**Information supplied**
● ● ● ● ●
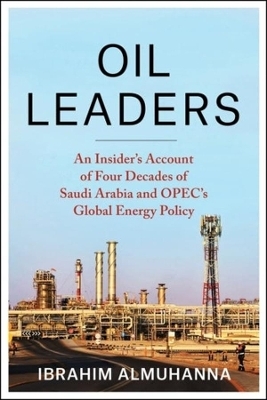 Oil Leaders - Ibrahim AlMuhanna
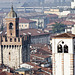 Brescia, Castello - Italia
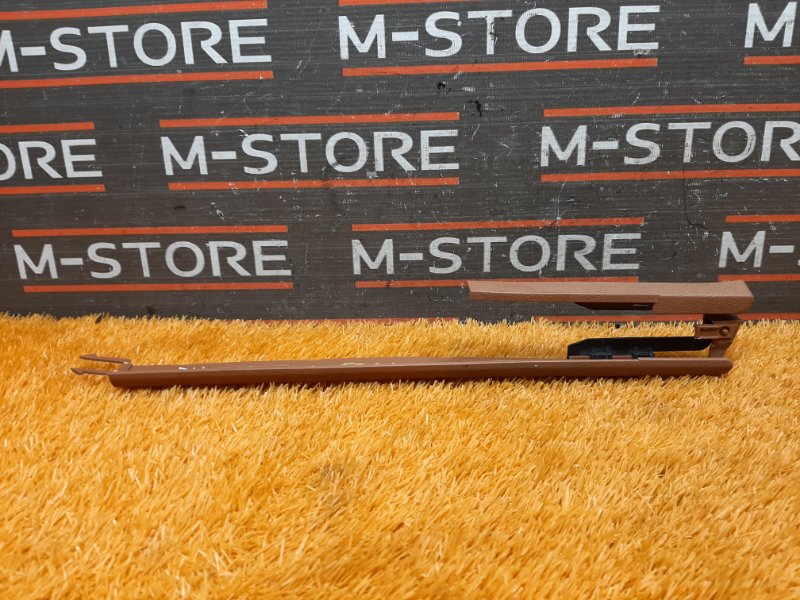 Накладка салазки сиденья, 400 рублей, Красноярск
● ● ● ● ●
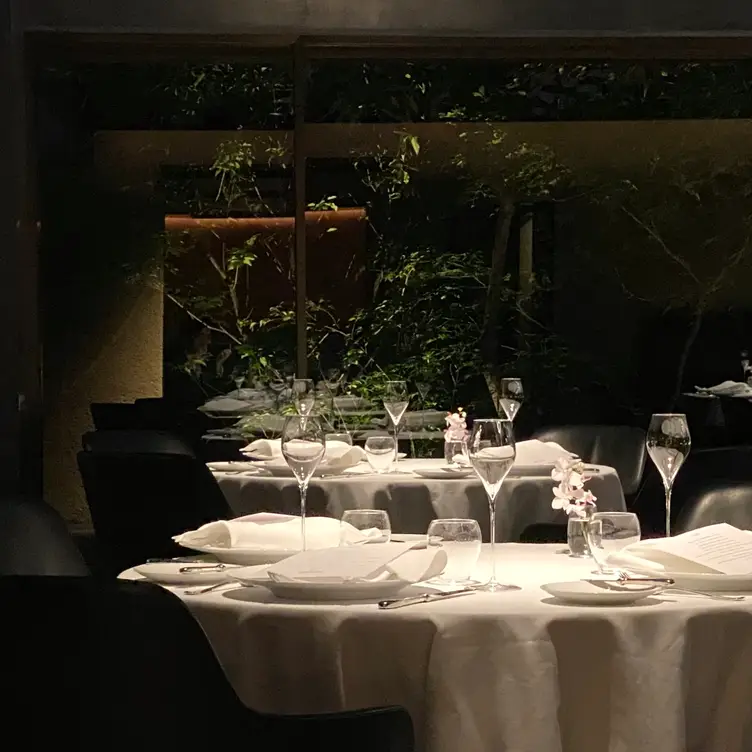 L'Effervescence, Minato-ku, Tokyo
● ● ● ● ●
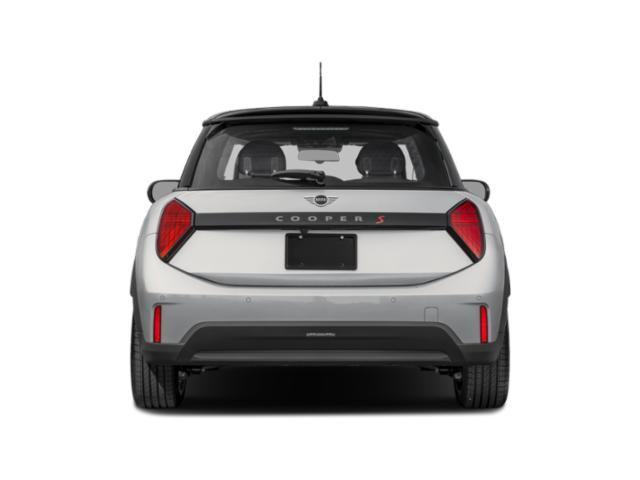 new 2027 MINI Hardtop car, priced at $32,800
● ● ● ● ●
Could the stretch from the line with "Oil Leaders - Ibrahim AlMuhanna" through the line with "Накладка салазки сиденья, 400" in the listing above be restated word for word, minus the pictures?

 Oil Leaders - Ibrahim AlMuhanna
 Brescia, Castello - Italia
 Накладка салазки сиденья, 400 рублей, Красноярск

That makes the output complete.